Prosecutors are expected to decide within days whether seven men accused of plotting mass murder on board transatlantic aircraft should face a retrial after a jury failed to reach verdicts.

Three of the men were convicted of conspiracy to murder - but the jurors could not agree over prosecution claims that they intended a wave of suicide bombings on flights from Heathrow Airport to North America.
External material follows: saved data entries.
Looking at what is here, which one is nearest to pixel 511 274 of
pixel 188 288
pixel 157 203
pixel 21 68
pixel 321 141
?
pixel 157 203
UK counter-terrorism officials felt it was the strongest case ever brought in a British terror trial and were astonished at the jury's indecision, according to reports.

There were suggestions that the US may have forced the British authorities to move against the men - who were under surveillance - sooner than they wanted.

In early August 2006 Pakistani security services detained a man allegedly linked to the plot, reportedly at the request of American agencies. Peter Clarke, the retired head of Scotland Yard's Counter Terrorism Command, said British officials had to act in response to this arrest.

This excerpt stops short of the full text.